[racket] Question about round

From: Stephen Bloch (bloch at adelphi.edu)
Date: Fri Sep 30 15:15:41 EDT 2011

On Sep 30, 2011, at 12:31 PM, Robby Findler wrote:

> Just to clear up one more possible point: the rational? predicate
> actually recognizes inexact numbers, eg:
> 
> [robby at penghu] ~/git/plt/collects/drracket/private$ racket
> Welcome to Racket v5.1.3.9.
>> (rational? (sqrt 2))
> #t

Interesting.  I hadn't thought of that.  Technically, the floating-point approximation to (sqrt 2) is in fact a rational number...

I guess one could say that "rational?" returns false for anything represented in floating point.  Which would lead to the odd paradox of some integers not being rational.



The underlying question, it seems to me, is how closely we want to tie the numeric predicates to internal machine representations.

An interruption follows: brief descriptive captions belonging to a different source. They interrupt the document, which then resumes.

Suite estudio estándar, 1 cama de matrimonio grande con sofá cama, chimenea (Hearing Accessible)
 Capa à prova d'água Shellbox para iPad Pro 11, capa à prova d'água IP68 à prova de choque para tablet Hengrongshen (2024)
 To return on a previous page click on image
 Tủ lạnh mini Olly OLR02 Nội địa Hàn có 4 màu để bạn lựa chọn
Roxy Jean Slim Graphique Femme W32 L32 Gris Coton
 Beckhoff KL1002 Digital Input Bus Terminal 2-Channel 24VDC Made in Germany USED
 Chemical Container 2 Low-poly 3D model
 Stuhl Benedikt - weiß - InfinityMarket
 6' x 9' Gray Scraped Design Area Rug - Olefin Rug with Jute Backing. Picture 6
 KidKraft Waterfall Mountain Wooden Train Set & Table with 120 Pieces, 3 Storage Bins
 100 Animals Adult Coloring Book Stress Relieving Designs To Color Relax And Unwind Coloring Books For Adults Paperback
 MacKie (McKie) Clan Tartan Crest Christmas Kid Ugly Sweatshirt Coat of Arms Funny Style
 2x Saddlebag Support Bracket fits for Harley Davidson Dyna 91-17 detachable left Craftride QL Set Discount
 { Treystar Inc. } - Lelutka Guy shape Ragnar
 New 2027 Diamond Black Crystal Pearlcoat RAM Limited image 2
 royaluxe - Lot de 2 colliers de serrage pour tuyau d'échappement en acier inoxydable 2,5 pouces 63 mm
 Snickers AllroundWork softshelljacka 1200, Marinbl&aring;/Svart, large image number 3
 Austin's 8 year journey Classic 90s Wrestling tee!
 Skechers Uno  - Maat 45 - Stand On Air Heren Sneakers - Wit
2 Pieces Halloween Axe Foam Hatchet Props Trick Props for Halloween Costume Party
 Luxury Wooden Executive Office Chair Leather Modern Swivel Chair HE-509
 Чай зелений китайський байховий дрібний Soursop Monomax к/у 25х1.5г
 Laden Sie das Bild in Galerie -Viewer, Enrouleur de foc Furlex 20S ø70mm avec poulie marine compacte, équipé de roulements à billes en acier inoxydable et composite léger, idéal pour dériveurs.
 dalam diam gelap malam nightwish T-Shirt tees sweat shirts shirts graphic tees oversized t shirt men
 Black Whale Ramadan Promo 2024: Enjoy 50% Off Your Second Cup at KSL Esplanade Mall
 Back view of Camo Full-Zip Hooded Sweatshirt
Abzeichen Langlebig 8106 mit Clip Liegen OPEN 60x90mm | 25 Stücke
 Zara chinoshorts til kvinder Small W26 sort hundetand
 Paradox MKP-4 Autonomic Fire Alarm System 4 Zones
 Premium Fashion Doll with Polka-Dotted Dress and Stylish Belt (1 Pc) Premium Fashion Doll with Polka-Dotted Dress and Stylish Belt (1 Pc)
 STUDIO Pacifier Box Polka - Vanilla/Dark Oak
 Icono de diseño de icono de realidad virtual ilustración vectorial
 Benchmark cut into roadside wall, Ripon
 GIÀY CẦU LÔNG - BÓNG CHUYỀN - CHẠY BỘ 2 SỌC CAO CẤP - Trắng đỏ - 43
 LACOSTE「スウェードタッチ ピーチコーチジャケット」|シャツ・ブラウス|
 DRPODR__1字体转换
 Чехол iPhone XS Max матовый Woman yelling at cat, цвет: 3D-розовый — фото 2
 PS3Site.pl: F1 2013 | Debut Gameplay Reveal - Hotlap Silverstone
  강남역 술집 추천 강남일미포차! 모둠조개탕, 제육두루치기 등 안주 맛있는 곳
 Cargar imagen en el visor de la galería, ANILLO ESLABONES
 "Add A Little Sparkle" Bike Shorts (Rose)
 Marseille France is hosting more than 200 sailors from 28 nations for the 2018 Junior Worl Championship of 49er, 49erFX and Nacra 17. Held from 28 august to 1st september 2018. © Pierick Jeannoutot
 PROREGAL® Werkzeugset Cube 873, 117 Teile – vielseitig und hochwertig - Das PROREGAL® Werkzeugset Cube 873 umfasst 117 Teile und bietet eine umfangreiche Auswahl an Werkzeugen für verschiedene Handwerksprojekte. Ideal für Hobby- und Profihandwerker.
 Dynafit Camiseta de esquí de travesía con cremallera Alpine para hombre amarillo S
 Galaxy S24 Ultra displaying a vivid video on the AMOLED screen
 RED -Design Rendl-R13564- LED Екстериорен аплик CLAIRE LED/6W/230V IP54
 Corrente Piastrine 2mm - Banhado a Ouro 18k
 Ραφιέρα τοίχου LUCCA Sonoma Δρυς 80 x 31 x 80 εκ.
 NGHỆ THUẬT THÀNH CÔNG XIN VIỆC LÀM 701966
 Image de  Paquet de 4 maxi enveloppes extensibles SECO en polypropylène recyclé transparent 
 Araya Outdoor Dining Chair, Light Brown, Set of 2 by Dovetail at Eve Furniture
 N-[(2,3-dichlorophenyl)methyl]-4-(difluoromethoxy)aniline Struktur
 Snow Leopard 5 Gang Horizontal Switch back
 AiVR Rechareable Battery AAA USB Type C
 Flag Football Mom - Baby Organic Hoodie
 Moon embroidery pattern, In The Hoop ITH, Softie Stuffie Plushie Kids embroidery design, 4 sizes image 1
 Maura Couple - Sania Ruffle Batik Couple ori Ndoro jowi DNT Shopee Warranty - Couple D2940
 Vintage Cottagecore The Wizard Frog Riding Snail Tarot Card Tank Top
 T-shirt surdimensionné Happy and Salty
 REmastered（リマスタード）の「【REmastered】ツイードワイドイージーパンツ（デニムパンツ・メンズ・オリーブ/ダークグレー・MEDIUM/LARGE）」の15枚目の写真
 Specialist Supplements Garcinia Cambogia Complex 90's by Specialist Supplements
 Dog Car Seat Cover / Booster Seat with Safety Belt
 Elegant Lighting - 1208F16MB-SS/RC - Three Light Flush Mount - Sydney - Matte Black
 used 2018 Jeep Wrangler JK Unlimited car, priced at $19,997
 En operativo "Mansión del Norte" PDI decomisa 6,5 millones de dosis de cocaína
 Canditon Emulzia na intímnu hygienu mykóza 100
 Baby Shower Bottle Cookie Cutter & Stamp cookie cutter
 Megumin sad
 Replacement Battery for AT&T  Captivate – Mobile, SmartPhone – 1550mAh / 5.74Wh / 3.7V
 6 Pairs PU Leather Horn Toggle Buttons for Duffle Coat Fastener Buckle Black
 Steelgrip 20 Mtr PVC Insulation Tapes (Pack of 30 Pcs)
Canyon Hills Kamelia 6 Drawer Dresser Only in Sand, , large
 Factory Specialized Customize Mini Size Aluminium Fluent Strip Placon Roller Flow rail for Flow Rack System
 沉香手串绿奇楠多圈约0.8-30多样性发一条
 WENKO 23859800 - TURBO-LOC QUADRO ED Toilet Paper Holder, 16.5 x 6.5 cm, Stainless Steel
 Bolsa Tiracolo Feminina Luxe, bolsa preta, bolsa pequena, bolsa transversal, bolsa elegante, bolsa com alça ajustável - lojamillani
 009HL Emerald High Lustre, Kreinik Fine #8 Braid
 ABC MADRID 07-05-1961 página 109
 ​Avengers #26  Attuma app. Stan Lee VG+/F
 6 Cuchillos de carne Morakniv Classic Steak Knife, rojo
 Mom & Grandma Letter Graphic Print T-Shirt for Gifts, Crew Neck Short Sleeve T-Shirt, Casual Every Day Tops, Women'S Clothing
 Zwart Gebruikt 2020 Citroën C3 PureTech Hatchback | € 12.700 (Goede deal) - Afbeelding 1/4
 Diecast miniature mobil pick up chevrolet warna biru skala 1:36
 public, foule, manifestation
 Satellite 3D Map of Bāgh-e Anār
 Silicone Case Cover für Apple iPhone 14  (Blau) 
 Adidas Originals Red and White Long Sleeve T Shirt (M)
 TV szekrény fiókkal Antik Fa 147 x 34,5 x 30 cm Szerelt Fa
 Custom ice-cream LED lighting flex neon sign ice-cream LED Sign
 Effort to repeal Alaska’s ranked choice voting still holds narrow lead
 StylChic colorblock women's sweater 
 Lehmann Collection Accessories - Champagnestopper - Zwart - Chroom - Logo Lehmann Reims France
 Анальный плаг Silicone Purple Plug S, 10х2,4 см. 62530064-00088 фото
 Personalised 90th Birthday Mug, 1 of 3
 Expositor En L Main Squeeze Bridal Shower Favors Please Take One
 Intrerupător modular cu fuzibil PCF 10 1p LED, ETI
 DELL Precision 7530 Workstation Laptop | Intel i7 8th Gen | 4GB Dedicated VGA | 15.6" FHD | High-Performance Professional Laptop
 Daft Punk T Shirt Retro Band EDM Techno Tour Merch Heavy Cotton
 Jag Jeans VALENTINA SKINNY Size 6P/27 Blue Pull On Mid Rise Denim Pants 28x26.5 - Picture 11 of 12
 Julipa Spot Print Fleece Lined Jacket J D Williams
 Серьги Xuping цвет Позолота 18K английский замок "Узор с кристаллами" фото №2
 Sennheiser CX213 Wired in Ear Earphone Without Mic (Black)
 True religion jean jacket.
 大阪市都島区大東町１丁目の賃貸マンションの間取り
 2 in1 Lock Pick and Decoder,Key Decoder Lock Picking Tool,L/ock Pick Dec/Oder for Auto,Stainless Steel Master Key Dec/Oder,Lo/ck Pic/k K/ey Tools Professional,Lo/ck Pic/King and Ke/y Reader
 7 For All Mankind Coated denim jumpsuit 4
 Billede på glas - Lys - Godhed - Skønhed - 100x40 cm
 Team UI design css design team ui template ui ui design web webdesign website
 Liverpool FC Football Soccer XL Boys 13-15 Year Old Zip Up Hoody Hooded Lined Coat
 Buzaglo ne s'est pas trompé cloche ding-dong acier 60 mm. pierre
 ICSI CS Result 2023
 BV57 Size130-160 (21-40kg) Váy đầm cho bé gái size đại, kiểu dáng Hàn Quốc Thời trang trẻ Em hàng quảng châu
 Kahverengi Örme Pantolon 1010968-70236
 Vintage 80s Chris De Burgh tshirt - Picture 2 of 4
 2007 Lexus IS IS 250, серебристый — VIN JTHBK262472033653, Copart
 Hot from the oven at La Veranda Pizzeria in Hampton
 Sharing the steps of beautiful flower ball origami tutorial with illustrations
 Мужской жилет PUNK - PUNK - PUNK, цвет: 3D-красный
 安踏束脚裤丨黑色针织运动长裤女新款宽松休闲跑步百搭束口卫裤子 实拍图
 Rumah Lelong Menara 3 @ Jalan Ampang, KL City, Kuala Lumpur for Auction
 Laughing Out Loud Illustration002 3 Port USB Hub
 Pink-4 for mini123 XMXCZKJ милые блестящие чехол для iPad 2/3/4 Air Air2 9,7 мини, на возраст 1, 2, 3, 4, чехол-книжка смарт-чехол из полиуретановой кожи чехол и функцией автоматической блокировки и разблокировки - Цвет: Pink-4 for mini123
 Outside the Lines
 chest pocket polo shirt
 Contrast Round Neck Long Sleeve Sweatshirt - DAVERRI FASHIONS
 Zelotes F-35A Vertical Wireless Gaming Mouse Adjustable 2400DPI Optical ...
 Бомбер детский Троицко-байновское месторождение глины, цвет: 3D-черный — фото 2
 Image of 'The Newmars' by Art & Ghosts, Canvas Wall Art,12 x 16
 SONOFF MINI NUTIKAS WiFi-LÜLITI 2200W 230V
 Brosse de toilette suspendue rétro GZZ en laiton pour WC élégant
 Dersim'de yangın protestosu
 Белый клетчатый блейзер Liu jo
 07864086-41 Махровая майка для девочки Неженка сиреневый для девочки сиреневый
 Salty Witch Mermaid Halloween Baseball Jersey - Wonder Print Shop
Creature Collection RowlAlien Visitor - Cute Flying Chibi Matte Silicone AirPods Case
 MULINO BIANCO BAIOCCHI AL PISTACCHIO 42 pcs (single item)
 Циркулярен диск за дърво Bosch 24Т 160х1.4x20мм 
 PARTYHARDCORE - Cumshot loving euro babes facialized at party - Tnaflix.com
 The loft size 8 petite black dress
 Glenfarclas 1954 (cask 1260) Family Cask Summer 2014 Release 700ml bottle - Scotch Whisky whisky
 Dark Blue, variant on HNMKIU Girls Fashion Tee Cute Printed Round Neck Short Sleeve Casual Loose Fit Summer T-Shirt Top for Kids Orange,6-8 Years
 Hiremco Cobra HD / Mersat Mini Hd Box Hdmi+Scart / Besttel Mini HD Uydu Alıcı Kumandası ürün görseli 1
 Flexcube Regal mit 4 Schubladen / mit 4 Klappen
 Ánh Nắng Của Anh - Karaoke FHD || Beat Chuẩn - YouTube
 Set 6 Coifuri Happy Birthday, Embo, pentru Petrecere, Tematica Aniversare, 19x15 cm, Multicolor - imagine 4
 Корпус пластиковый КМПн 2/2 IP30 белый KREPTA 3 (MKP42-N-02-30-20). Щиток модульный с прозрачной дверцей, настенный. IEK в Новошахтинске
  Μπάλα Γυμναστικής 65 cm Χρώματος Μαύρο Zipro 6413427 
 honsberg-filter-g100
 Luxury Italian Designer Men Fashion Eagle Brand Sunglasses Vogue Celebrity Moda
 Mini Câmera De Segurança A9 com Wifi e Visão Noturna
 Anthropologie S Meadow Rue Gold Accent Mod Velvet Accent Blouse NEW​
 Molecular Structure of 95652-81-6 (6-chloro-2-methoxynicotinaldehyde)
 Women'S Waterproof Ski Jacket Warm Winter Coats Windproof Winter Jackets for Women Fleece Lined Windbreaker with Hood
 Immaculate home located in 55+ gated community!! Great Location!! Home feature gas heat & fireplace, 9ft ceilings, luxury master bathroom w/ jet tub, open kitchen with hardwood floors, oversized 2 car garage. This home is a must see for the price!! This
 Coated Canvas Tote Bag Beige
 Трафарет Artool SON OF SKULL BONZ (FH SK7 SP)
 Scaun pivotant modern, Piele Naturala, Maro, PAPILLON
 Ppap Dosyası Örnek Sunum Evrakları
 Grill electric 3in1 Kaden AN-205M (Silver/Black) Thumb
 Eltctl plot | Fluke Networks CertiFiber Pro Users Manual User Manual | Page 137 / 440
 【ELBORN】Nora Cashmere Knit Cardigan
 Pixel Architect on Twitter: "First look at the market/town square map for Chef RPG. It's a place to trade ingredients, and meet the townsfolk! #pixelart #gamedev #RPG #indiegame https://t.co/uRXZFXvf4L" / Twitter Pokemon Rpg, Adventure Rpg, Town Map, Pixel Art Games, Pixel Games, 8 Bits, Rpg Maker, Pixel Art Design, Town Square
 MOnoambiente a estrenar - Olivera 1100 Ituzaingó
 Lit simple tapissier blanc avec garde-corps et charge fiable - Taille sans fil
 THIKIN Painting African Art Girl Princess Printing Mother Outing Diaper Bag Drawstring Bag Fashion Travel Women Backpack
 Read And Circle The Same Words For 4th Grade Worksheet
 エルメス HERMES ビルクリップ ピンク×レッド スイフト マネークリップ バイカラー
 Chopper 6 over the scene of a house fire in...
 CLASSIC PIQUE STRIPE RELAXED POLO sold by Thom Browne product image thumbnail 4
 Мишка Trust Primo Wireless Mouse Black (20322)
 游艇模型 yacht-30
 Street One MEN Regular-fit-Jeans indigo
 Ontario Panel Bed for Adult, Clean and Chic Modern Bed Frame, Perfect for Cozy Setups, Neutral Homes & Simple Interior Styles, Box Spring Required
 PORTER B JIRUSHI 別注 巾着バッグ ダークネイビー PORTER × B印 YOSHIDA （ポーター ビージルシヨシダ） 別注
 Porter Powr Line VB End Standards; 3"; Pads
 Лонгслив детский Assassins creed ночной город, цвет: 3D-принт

In C/C++/Java, there are two kinds of numbers (ignoring precision): exact ints and inexact floats.  The different types in the language correspond exactly to different binary representations.

In Racket, as I understand it, integerhood and exactness are orthogonal: you can have either one with or without the other.  I assume that all inexact numbers (integer or not) are represented in floating-point, but don't know how closely exact numbers are tied to a particular binary representation.